La double casquette et la divulgation insuffisante par les arbitres ont été des caractéristiques problématiques de l’arbitrage en matière d’investissement. La double casquette est généralement considérée comme une personne jouant simultanément le rôle de conseil et d’arbitre dans des affaires similaires. La vraie question est de savoir si ces préoccupations sont susceptibles d’affecter la capacité de l’arbitre à former un « jugement indépendant »», comme décrit dans la Convention CIRDI. Le projet de codes de conduite et commentaires de la CNUDCI (2022) a recommandé l’abolition de la double casquette tout en introduisant un régime de divulgation étendu.

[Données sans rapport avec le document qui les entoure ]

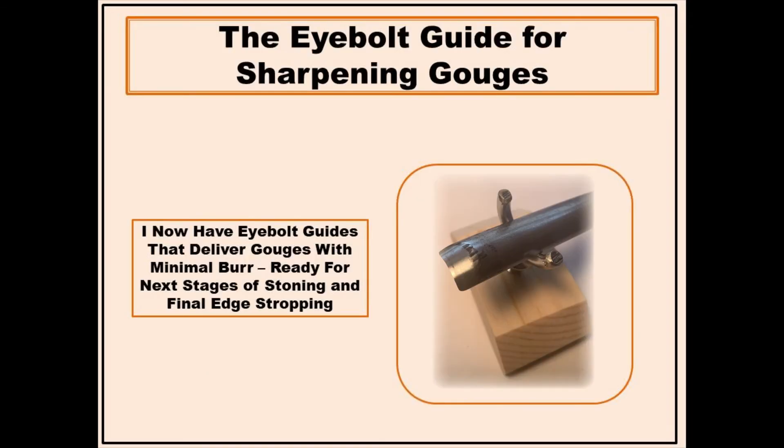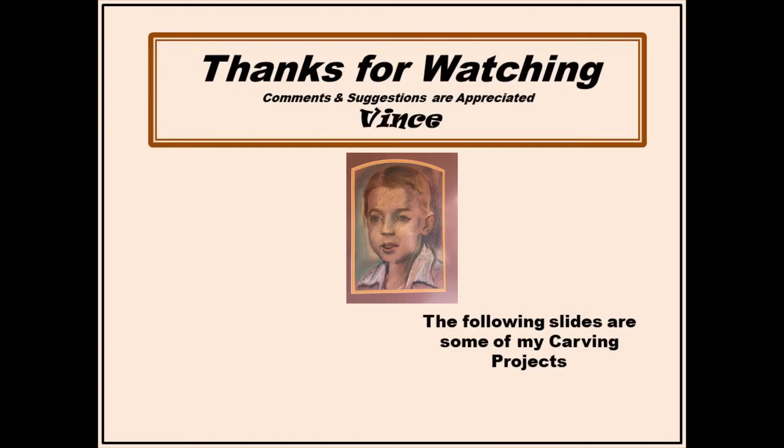In summary, the eye bolt guide lets me place a gouge on the guide and duplicate the bevel angle every time. Being quick and accurate will encourage regular freshening of the cutting edge as required during carving, instead of muscling along with a less than sharp gouge or reaching for a heavier mallet. I appreciate your investment of time watching this video. Comments and suggestions are welcome. Viewing the gallery is completely optional — thanks for watching.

Le projet couvrait des codes de conduite pour les arbitres et les juges dans l’arbitrage en matière d’investissement. Il a été préparé pour répondre aux principales préoccupations liées aux différends en matière d’investissement et assurer la réforme du système ISDS. Le projet de code de conduite pour les arbitres dans les différends internationaux relatifs aux investissements a été adopté par la CNUDCI en juillet 2023. L’exemplaire préliminaire du Code de conduite de la CNUDCI à l’intention des arbitres chargés du règlement des différends internationaux relatifs aux investissements a récemment été publié. Dans la version finale, les recommandations visant à abolir la pratique de la double casquette restent pour l’essentiel les mêmes. Cet article affirme que ces propositions sont pratiquement inutiles car la double casquette devrait être considérée comme autorisée pour préserver l’autonomie des partis en éliminant le risque de conflit d’intérêts en imposant des exigences de divulgation substantielles. En outre, ces obligations de divulgation ont déjà été traitées de manière satisfaisante par le nouveau Règlement d’arbitrage CIRDI 2022. suite à la décision d’annulation en Eiser contre Espagne (2020). Après avoir discuté de la pratique arbitrale existante ainsi que des réformes mises en œuvre et proposées, cet article proposera quelques solutions comme alternatives à l’abolition de la pratique de la double casquette.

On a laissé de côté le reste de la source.